Kwabs certainly possesses a formidable vocal instrument – a luscious, impressively controlled baritone which one minute can soar with sublime grace, the next can make the skin crawl through deep, breathy intimacy. It’s perfect for emotive tales of relationships gone awry but such is his vocal control that the songs never collapse under their own weight. Take for instance, the grinding electro-blues of stand-out track ‘Forgiven’ – in the verses, all guttural growl ("What’s a man without a soul?", laments Kwabs over burbling synth bass) before the clouds part revealing a skyscraping, impeccably-delivered bittersweet chorus. Similarly, the 36 tracks of vocals on the climax of early single ‘Walk’ result in a deliciously headspinning tumult. It’s deeply impressive set of pipes that means some occasionally clunky and clichéd lyricism can be forgiven.
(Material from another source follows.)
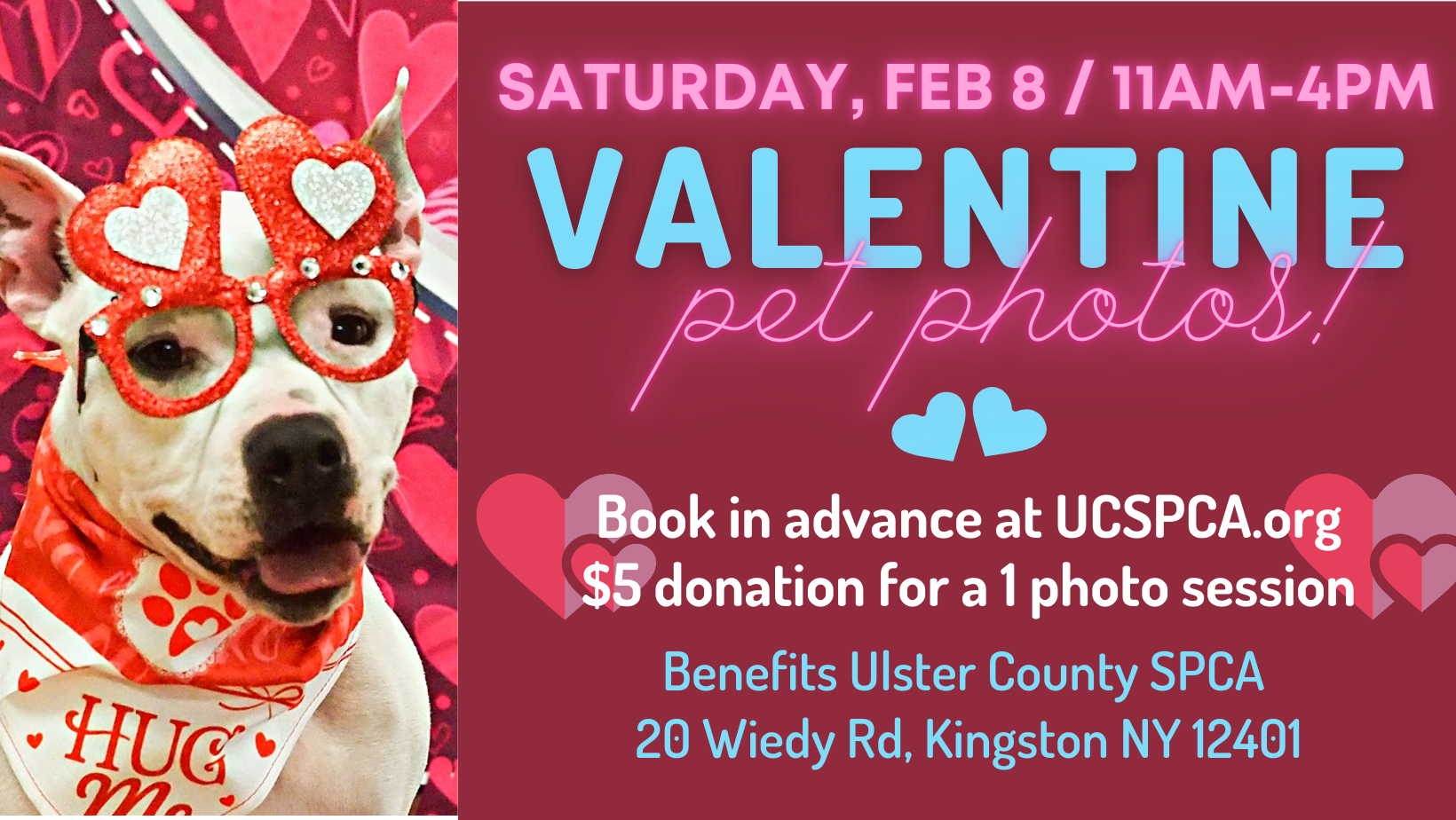 Valentine’s Day Pet Photos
Where Love + War does dip slightly is the fault of some jarringly schmaltzy arrangements, primarily toward the back end – a surprise given the talent of those on production duties, including Vienna-based knob-twiddler Sohn. These unfortunate slip-ups are accentuated in the final third of the album, which pales in comparison to the stronger two sections that preceded it – the first few tracks sophisticated yet radio-ready pop bangers, and the dense core of the album comprising of introspective bass-heavy numbers. One listen of the saccharine-soaked, over-produced chorus of ‘Make You Mine’ will have you dredging up repressed memories of suburban roller discos from your early adolescence. It’s in this section of the album that you get the sense of the curtain being pulled back, revealing Kwabs’ artistic hand being guided by benevolent – but ultimately stifling - other hands that mask what made has made him such a compelling prospect.
Love + War is a solid – if imperfect – debut which demonstrates a serious talent whose star will undoubtedly ascend. To what heights only time will tell, but bet against Kwabs making the big leagues at your peril.